Would you return every entry, exactly as it is written?

→ Supplied data:
━━━
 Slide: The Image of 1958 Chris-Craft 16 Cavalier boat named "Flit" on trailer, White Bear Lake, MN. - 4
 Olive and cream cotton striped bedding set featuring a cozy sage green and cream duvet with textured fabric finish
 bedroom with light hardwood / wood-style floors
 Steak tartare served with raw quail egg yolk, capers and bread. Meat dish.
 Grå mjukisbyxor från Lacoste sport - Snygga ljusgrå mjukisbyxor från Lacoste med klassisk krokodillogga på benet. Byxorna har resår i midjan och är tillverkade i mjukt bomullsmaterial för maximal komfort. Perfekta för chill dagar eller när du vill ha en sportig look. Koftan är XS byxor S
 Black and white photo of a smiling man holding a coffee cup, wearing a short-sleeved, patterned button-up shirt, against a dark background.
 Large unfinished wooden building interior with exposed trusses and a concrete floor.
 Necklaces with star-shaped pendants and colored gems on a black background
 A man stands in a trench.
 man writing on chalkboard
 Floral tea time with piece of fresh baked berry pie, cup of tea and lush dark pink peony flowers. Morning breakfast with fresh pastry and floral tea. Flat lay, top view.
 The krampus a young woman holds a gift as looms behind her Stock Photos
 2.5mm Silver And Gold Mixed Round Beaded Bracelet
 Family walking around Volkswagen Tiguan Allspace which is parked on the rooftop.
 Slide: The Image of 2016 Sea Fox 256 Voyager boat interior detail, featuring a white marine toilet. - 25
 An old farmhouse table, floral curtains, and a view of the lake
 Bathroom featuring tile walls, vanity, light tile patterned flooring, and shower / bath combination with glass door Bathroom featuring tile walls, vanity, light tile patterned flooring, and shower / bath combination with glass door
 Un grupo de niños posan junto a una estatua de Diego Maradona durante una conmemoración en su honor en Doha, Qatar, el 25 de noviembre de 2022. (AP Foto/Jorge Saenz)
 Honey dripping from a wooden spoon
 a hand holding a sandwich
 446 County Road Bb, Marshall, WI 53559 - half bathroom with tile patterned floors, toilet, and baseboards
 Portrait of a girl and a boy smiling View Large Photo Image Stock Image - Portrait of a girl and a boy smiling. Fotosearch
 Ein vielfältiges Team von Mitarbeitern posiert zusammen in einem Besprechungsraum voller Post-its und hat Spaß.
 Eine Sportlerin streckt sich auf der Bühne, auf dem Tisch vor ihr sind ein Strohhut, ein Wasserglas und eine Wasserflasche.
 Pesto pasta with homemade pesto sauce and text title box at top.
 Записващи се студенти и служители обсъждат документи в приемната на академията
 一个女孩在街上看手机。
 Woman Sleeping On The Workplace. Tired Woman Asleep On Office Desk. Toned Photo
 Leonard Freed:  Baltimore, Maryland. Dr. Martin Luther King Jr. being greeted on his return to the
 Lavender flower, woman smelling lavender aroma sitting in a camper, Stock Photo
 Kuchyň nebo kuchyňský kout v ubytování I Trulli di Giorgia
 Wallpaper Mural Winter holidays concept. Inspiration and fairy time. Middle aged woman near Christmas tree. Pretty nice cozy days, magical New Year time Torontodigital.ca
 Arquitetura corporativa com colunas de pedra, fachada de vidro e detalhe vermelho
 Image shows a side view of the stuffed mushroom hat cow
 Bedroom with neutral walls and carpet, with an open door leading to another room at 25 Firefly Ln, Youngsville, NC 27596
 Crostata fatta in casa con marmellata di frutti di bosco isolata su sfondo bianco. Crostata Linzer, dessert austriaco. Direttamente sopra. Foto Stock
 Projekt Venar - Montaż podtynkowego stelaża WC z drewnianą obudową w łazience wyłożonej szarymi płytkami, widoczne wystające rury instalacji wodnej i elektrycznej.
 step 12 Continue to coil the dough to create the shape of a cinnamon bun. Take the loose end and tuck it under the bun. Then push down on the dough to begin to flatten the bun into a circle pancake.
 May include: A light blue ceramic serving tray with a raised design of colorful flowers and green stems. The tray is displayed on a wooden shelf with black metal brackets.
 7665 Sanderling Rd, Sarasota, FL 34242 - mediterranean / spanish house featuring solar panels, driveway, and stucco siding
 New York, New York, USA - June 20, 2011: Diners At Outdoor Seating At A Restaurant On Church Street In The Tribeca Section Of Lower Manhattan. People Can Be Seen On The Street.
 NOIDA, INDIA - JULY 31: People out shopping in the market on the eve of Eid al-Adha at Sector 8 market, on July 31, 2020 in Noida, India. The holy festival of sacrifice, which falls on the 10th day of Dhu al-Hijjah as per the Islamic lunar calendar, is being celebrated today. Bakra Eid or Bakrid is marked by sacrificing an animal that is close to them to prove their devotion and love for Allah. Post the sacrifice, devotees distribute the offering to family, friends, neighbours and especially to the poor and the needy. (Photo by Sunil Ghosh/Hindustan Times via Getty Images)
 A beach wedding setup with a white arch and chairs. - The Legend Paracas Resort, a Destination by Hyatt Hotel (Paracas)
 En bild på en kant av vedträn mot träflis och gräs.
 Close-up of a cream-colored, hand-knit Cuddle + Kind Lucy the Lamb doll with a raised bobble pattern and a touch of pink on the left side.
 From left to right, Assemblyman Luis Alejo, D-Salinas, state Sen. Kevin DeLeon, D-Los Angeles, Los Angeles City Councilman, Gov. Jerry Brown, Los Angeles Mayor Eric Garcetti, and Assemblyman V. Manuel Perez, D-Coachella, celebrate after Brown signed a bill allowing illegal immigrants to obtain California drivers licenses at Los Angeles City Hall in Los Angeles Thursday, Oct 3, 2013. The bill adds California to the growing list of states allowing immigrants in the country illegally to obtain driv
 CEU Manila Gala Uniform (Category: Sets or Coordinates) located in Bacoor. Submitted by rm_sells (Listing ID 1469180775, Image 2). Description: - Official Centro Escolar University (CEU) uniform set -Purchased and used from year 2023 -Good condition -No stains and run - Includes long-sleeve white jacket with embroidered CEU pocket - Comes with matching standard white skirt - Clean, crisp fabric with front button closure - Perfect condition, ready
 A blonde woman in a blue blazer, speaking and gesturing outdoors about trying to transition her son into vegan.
━━━
→ Exercise output:
 Slide: The Image of 1958 Chris-Craft 16 Cavalier boat named "Flit" on trailer, White Bear Lake, MN. - 4
 Olive and cream cotton striped bedding set featuring a cozy sage green and cream duvet with textured fabric finish
 bedroom with light hardwood / wood-style floors
 Steak tartare served with raw quail egg yolk, capers and bread. Meat dish.
 Grå mjukisbyxor från Lacoste sport - Snygga ljusgrå mjukisbyxor från Lacoste med klassisk krokodillogga på benet. Byxorna har resår i midjan och är tillverkade i mjukt bomullsmaterial för maximal komfort. Perfekta för chill dagar eller när du vill ha en sportig look. Koftan är XS byxor S
 Black and white photo of a smiling man holding a coffee cup, wearing a short-sleeved, patterned button-up shirt, against a dark background.
 Large unfinished wooden building interior with exposed trusses and a concrete floor.
 Necklaces with star-shaped pendants and colored gems on a black background
 A man stands in a trench.
 man writing on chalkboard
 Floral tea time with piece of fresh baked berry pie, cup of tea and lush dark pink peony flowers. Morning breakfast with fresh pastry and floral tea. Flat lay, top view.
 The krampus a young woman holds a gift as looms behind her Stock Photos
 2.5mm Silver And Gold Mixed Round Beaded Bracelet
 Family walking around Volkswagen Tiguan Allspace which is parked on the rooftop.
 Slide: The Image of 2016 Sea Fox 256 Voyager boat interior detail, featuring a white marine toilet. - 25
 An old farmhouse table, floral curtains, and a view of the lake
 Bathroom featuring tile walls, vanity, light tile patterned flooring, and shower / bath combination with glass door Bathroom featuring tile walls, vanity, light tile patterned flooring, and shower / bath combination with glass door
 Un grupo de niños posan junto a una estatua de Diego Maradona durante una conmemoración en su honor en Doha, Qatar, el 25 de noviembre de 2022. (AP Foto/Jorge Saenz)
 Honey dripping from a wooden spoon
 a hand holding a sandwich
 446 County Road Bb, Marshall, WI 53559 - half bathroom with tile patterned floors, toilet, and baseboards
 Portrait of a girl and a boy smiling View Large Photo Image Stock Image - Portrait of a girl and a boy smiling. Fotosearch
 Ein vielfältiges Team von Mitarbeitern posiert zusammen in einem Besprechungsraum voller Post-its und hat Spaß.
 Eine Sportlerin streckt sich auf der Bühne, auf dem Tisch vor ihr sind ein Strohhut, ein Wasserglas und eine Wasserflasche.
 Pesto pasta with homemade pesto sauce and text title box at top.
 Записващи се студенти и служители обсъждат документи в приемната на академията
 一个女孩在街上看手机。
 Woman Sleeping On The Workplace. Tired Woman Asleep On Office Desk. Toned Photo
 Leonard Freed:  Baltimore, Maryland. Dr. Martin Luther King Jr. being greeted on his return to the
 Lavender flower, woman smelling lavender aroma sitting in a camper, Stock Photo
 Kuchyň nebo kuchyňský kout v ubytování I Trulli di Giorgia
 Wallpaper Mural Winter holidays concept. Inspiration and fairy time. Middle aged woman near Christmas tree. Pretty nice cozy days, magical New Year time Torontodigital.ca
 Arquitetura corporativa com colunas de pedra, fachada de vidro e detalhe vermelho
 Image shows a side view of the stuffed mushroom hat cow
 Bedroom with neutral walls and carpet, with an open door leading to another room at 25 Firefly Ln, Youngsville, NC 27596
 Crostata fatta in casa con marmellata di frutti di bosco isolata su sfondo bianco. Crostata Linzer, dessert austriaco. Direttamente sopra. Foto Stock
 Projekt Venar - Montaż podtynkowego stelaża WC z drewnianą obudową w łazience wyłożonej szarymi płytkami, widoczne wystające rury instalacji wodnej i elektrycznej.
 step 12 Continue to coil the dough to create the shape of a cinnamon bun. Take the loose end and tuck it under the bun. Then push down on the dough to begin to flatten the bun into a circle pancake.
 May include: A light blue ceramic serving tray with a raised design of colorful flowers and green stems. The tray is displayed on a wooden shelf with black metal brackets.
 7665 Sanderling Rd, Sarasota, FL 34242 - mediterranean / spanish house featuring solar panels, driveway, and stucco siding
 New York, New York, USA - June 20, 2011: Diners At Outdoor Seating At A Restaurant On Church Street In The Tribeca Section Of Lower Manhattan. People Can Be Seen On The Street.
 NOIDA, INDIA - JULY 31: People out shopping in the market on the eve of Eid al-Adha at Sector 8 market, on July 31, 2020 in Noida, India. The holy festival of sacrifice, which falls on the 10th day of Dhu al-Hijjah as per the Islamic lunar calendar, is being celebrated today. Bakra Eid or Bakrid is marked by sacrificing an animal that is close to them to prove their devotion and love for Allah. Post the sacrifice, devotees distribute the offering to family, friends, neighbours and especially to the poor and the needy. (Photo by Sunil Ghosh/Hindustan Times via Getty Images)
 A beach wedding setup with a white arch and chairs. - The Legend Paracas Resort, a Destination by Hyatt Hotel (Paracas)
 En bild på en kant av vedträn mot träflis och gräs.
 Close-up of a cream-colored, hand-knit Cuddle + Kind Lucy the Lamb doll with a raised bobble pattern and a touch of pink on the left side.
 From left to right, Assemblyman Luis Alejo, D-Salinas, state Sen. Kevin DeLeon, D-Los Angeles, Los Angeles City Councilman, Gov. Jerry Brown, Los Angeles Mayor Eric Garcetti, and Assemblyman V. Manuel Perez, D-Coachella, celebrate after Brown signed a bill allowing illegal immigrants to obtain California drivers licenses at Los Angeles City Hall in Los Angeles Thursday, Oct 3, 2013. The bill adds California to the growing list of states allowing immigrants in the country illegally to obtain driv
 CEU Manila Gala Uniform (Category: Sets or Coordinates) located in Bacoor. Submitted by rm_sells (Listing ID 1469180775, Image 2). Description: - Official Centro Escolar University (CEU) uniform set -Purchased and used from year 2023 -Good condition -No stains and run - Includes long-sleeve white jacket with embroidered CEU pocket - Comes with matching standard white skirt - Clean, crisp fabric with front button closure - Perfect condition, ready
 A blonde woman in a blue blazer, speaking and gesturing outdoors about trying to transition her son into vegan.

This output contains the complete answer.